Open Revolyssup opened 1 year ago
@DelusionalOptimist Please suggest if you have any better approach.
@Revolyssup Have we considered the TC hooking capabilities that libbpfgo provides? Are they not sufficient for the use case? Here is an example - https://github.com/aquasecurity/libbpfgo/tree/main/selftest/tc
@DelusionalOptimist LGTM, I might have missed this. Lets go with this.
Let's go! :rocket:
@DelusionalOptimist Just to confirm few things, here is the proposal:
ingress
and egress
. Both consisting of their own configuration. Most of the configuration will be the same like protocol, src ip, dest ip, dest por, src port. ingress
and egress
will be an array similar to what rules
is right now. For later (to be carried on in separate issues after tc Egress support. Only being noted here to capture overall direction):
ingress
and egress
can be an array where the rules are evaluated in the order of priority where each rule can be given a priority like a nice value. The greater the value, the later it will be executed.action
field is added that can be deny(default) and allow. This can help to chain together bunch of rules with necessary actions. action
where more complicated packet manipulation actions could be defined, later referenced by ID/name in rules
. This last one could be a no-no depending if we want dropit
to do just one thing(act as a firewall dropping packets) or if we want to later on extend it to go beyond plain packet dropping. @Revolyssup based on your proposed configuration, I can picture it somewhat like below. Let me know if I'm right.
rules:
- id: "restrict webserver"
ingress:
- id: "only allow port 443"
sourceIP: '*'
destinationPort: 443
<...>
# future
action: allow
priority: -20
egress:
- id: "block access to github.com"
destIP: '20.207.73.82'
destinationPort: '*'
<...>
# future
priority: 20
- id: "restrict firefox"
egress:
- id: "block access to ads.google.com"
destIP: '142.250.194.206'
destinationPort: '*'
<...>
# future
priority: -20
This sounds good and also pretty close to Kubernetes' NetworkPolicy. I think this way we can use each individual "rule block" to granularly define process level networking.
A couple of things worth mentioning:
We can have sibling field action where more complicated packet manipulation actions could be defined, later referenced by ID/name in rules. This last one could be a no-no depending if we want dropit to do just one thing(act as a firewall dropping packets) or if we want to later on extend it to go beyond plain packet dropping.
I think we can extend further to basic things like redirecting packet based on some information and so on but let's think about it later.
@DelusionalOptimist In first iteration, will we need the interaction between xdp and tc or can they work independently on ingress and egress respectively?
@Revolyssup My bad. I meant to cite that resource for future reference. I don't think we would need any interaction b/w the two for our current use case.
@DelusionalOptimist What if we kept it simple and just add a type
field to existing rules
? Assuming functionality added might have a different approach for ingress and egress but will be the same. In cases when something can not be implemented by either one, we can produce warn logs indicating that. For eg: [warn] xyz capability not supported on ingress
by sanitising/checking the configuration provided with the features that can be supported at config load time.
Let me know if this categorization makes sense to you?
I think I should create a draft PR from here and carry discussion there so we have something concrete to make comments on.
@DelusionalOptimist Do you suggest we have separate maps for ingress and egress filter_rules?
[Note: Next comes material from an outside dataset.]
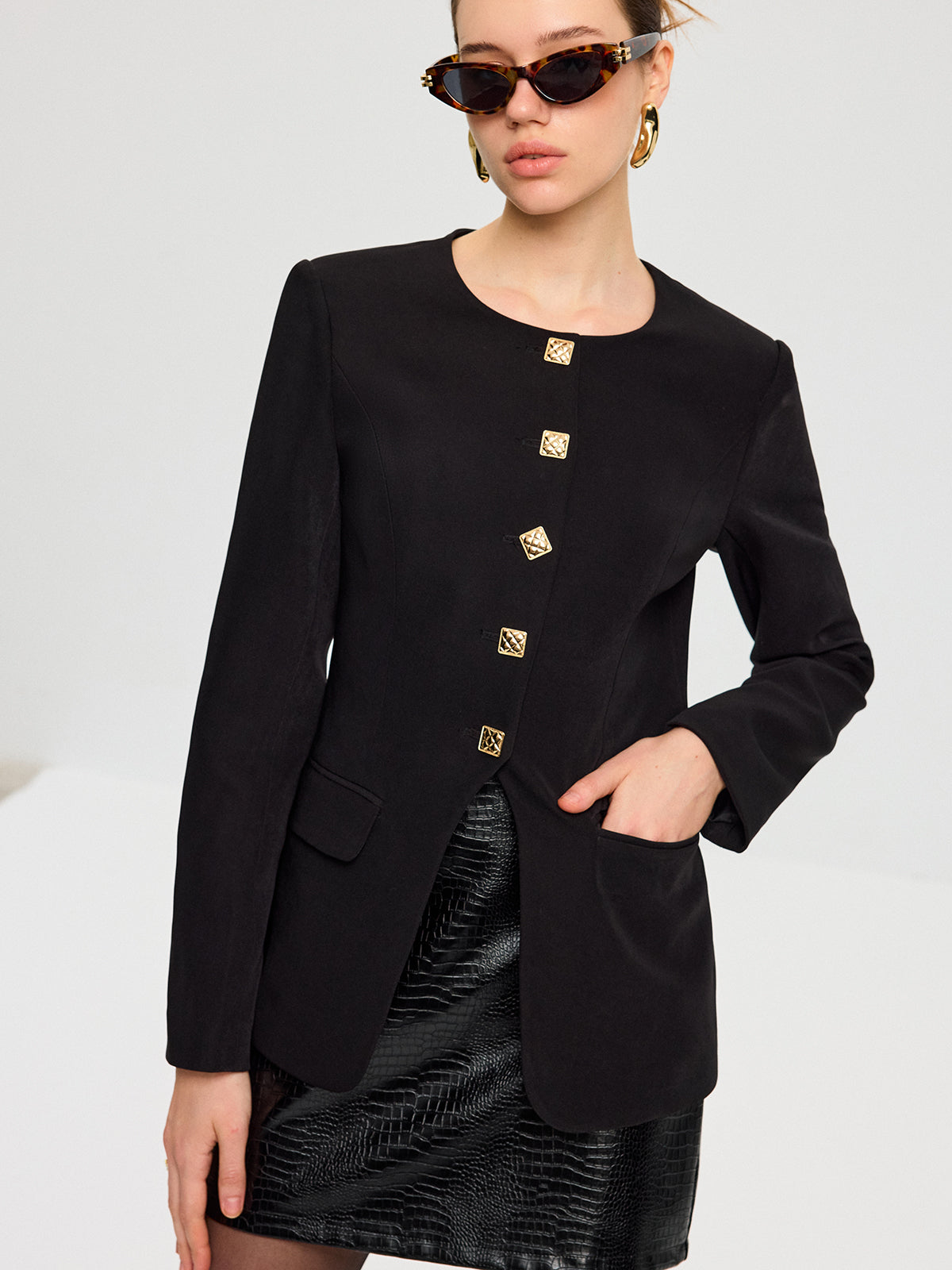 Yırtmaçlı Etekli Metal Düğmeli Blazer Ceket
To avoid contention as the rules are evaluated on each entry, we would be evaluating ingress rules on egress packets.
What if we kept it simple and just add a type field to existing rules ? Assuming functionality added might have a different approach for ingress and egress but will be the same. In cases when something can not be implemented by either one, we can produce warn logs indicating that. For eg: [warn] xyz capability not supported on ingress by sanitising/checking the configuration provided with the features that can be supported at config load time.
Quite frankly that was what I was thinking initially but I thought you wanted to keep it close to Network Policy. I'm fine either ways.
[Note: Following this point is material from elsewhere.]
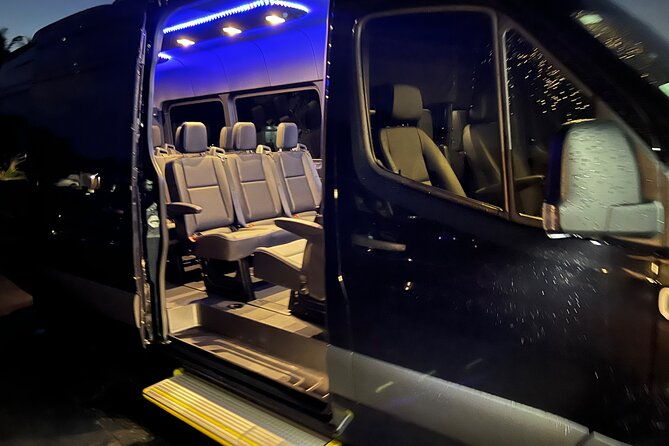 fort-lauderdale-airport-private-transfer-up-to-14-passengers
Proposal: TC(Traffic Control) supports multiple types of filters that can be attached to different classes inside q-disks(RTM). Since neither libbpfgo nor ebpf-go libraries support tc functionality directly due to multiple reasons listed here
We can use a separate library like go-tc to attach ebpf filters on an interface(ingress/egress) to implement bandwidth limiting on any given interface.
If the proposal sounds good, then I would like to create a draft PR on this where we can carry forward the discussion.